Muitas vezes, os acumuladores obsessivos são categorizados de estranhos, sujos, preguiçosos, contudo, é necessário abandonar este julgamento impulsivo e conseguir olhar para além do caos visível. Como em qualquer perturbação psicológica, é preciso ter um olhar mais benevolente para com os outros para tentar compreender as suas dificuldades e é precisamente um dos propósitos deste artigo.
É importante reter que 75% das pessoas com transtorno de acumulação têm sempre outra perturbação psicológica associada tal como Depressão, Ansiedade, entre outras. Desta forma, os comportamentos excessivos são o reflexo de uma estrutura emocional perturbada. Por esta razão, não basta apenas ajudar a limpar a casa e achar que o comportamento desaparece como se vê em alguns reality shows. Tem de haver um trabalho interno que deve ser realizado com ajuda psicológica. Em suma, a acumulação compulsiva não é um problema de casa ou de coisas, mas sim um problema psicológico.
Como é que a acumulação obsessiva pode ser uma perturbação emocional?
Para compreender melhor o processo psicológico e emocional associado ao transtorno, convido-o(a) a ouvir uma música que marcou a sua adolescência ou infância e verá que algumas memórias e sensações daquele período da sua vida irão invadir a sua mente. Experimente agora se quiser. Agora faça este exercício: tente ouvir a mesma música e não ter memórias ou sensações daquele período da sua vida. Difícil, não é?

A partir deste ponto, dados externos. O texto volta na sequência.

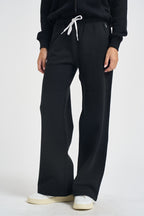 Pantaloni donna in tuta neri 211977959 002 RALPH LAUREN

Da mesma forma que a música nos transporta para as nossas memórias e sensações prazerosas, para os acumuladores, os objetos, funcionam da mesma forma.

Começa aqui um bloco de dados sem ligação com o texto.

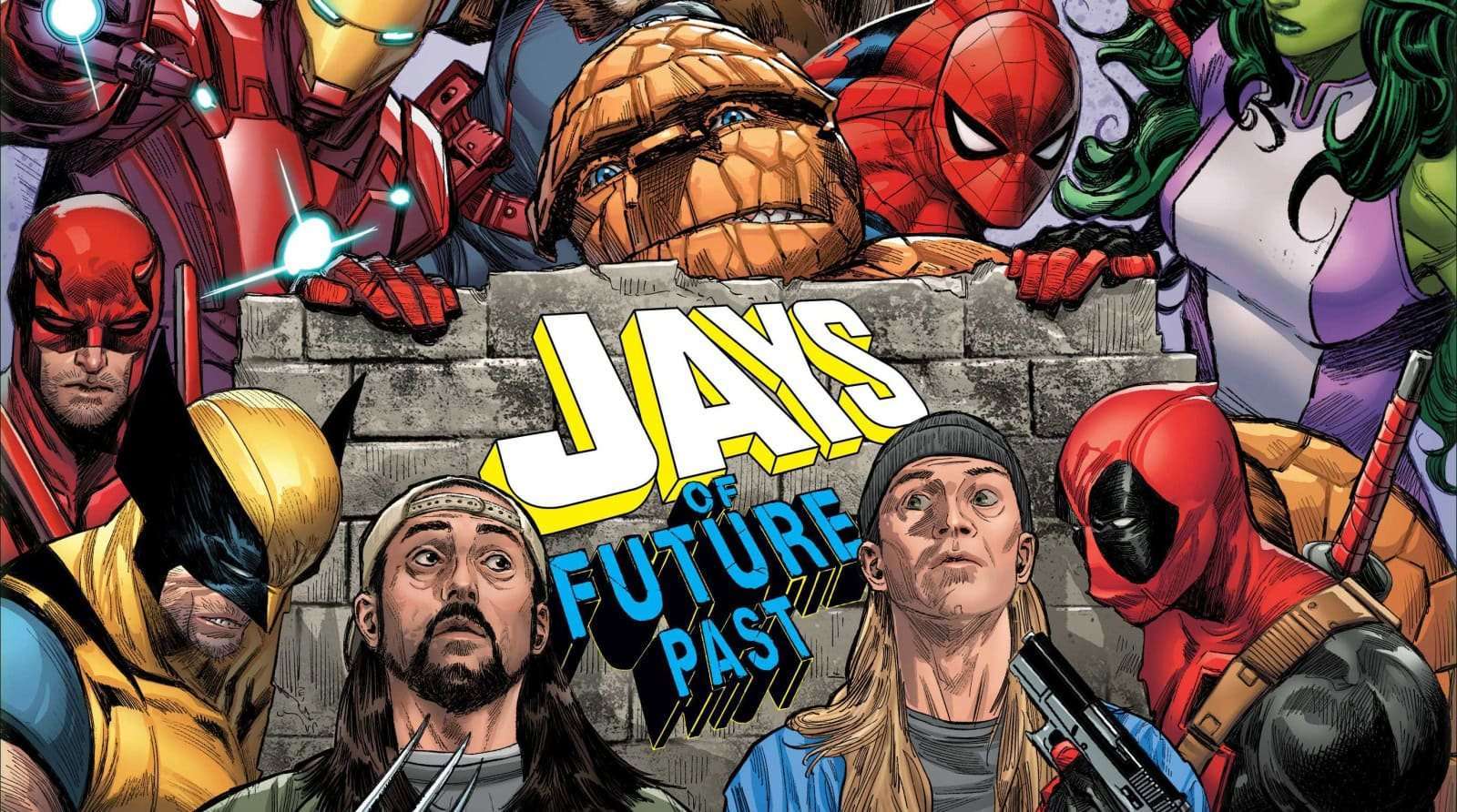 Comic Book Preview – Jay & Silent Bob: Jays of Future Past #1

As pessoas com estas dificuldades criam ligações emocionais fortes (inconscientes) com os seus objetos sentindo uma necessidade de os guardar. Acumulam as coisas para preencher um vazio emocional, procurando mais um objeto para sentir um alívio momentâneo. Em suma, os acumuladores procuram fora o que não conseguem sentir dentro. Desta forma é importante intervir na raiz do problema, perceber quais são as emoções associadas ao comportamento patológico. Uma intervenção psicoterapêutica é sempre a mais indicada para ajudar a pessoa a (re-)encontrar o seu equilíbrio emocional, sentir-se bem consigo mesma para emocionalmente conseguir desapegar-se das coisas que não necessita.
Esta perturbação é uma doença perversa e silenciosa. Enquanto sociedade é importante conseguirmos ter mais compaixão perante as perturbações psicológicas e a saúde mental.